Edward Carpenter says:

“We see that there is in man a creative thought-source continually in operation, which is shaping and giving form not only to his body, but largely to the world in which he lives. In fact, the houses, the gardens, the streets among which we live, the clothes we wear, the books we read, have been produced from this source. And there is not one of these things—the building in which we are at this moment, the conveyance in which we may ride home— which has not in its first birth been a mere phantom thought in some man’s mind, and owes its existence to that fact. Some of us who live in the midst of what we call civilization simply live embedded among the thoughts of other people. We see, hear, and touch those thoughts, and they are, for us, the World. But no sooner do we arrive at this point, and see the position clearly, than another question inevitably rises upon us. If, namely, this world of civilized life, with its great buildings and bridges and wonderful works of art, is the embodiment and materialization of the thoughts of Man , how about that other world of the mountains and the trees and the mighty ocean and the sunset sky—the world of Nature—is that also the embodiment and materialization of the thoughts of other beings, or of one other Being? And when we touch these things are we also coming into touch with the thoughts of these beings?”
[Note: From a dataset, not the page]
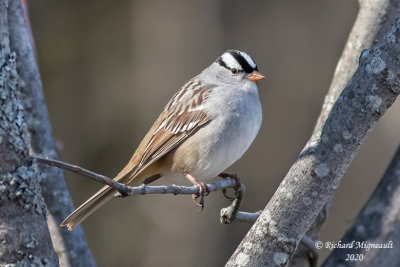 Bruant à couronne blanche - White-crowned Sparrow m20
The Vedanta is then seen to be based upon the fundamental thought that there exists but One Reality, and that, consequently, all else that seems to exist is but maya or illusion. This One reality is called “Brahman” or “That,” the latter term being applied by some of its philosophers who hold that no name should be applied to the Nameless One. Brahman is held to be “beyond qualities or attributes; beyond subject or object; the efficient cause of the universe in its mental and material appearance; creator and created; doer and deed; cause and effect; self-existent; absolute; infinite; eternal; indivisible and immutable; all that is, ever has been, or ever will be.” Max Muller states the Vedanta philosophy in a nutshell when he says: “ In one-half verse I shall tell you what has been taught in thousands of volumes: Brahman is true, the world is false; the soul is Brahman and nothing else .”
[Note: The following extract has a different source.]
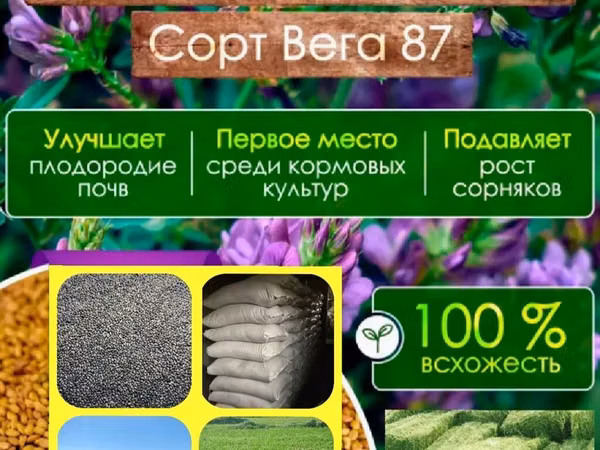 Гарантия качества! Советская технология выращивания и очистки!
“The Vedantist holds that there being but One, and that one being Brahman, there can be nothing else than Brahman; hence, the phenomenal universe, including the idea of individual souls, is mere maya or illusion; the universe being but an idea in the mind of Brahman —a mere reverie, meditation, or daydream of the Absolute One. This then is the essence of the Vedanta, the remainder of the teachings being but an attempt to work out the how of the manifestation of the illusory universe which arises from “Maya, the inexplicable illusion, self-imagined, that is illusorily overspread upon Brahman.” It is taught that “the total period of the creation, existence, and death of the universe is but as the twinkle of an eye to Brahm.”
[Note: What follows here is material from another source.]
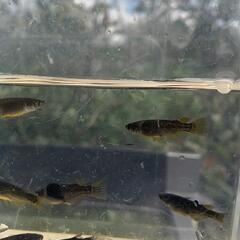 ❮お渡し者決定❯オロチめだか10匹の画像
The position of Christian Science is that the Divine Mind images and idealizes only the things and qualities which, like itself, are pure and perfect; and that therefore all that is not pure and perfect cannot be the idea of the Divine Mind, but must, on the contrary, be the product of “mortal mind” and, therefore, must be unreal, untrue, illusion, error, lies. This position is also taken by many of the independent metaphysical cults of the day, who have come under the influence of the Christian Science teachings, and who have appropriated some of its fundamental ideas. But differ as may the modern schools, their fundamental premise is that “All is Mind,” and when they so assert they place themselves in the direct line of inheritance with the teachings of the Vedanta and the still older schools of Hindu thought from which the Vedanta itself sprang. Idealistic Monism is older than recorded Hindu history, and undoubtedly had its origin among the earliest races on earth, the names and histories of which have passed from human memory. These “newest” thoughts of the so-called “New Thought” of the day are in reality the very oldest thoughts of the race . Verily, “there is nothing new under the sun.”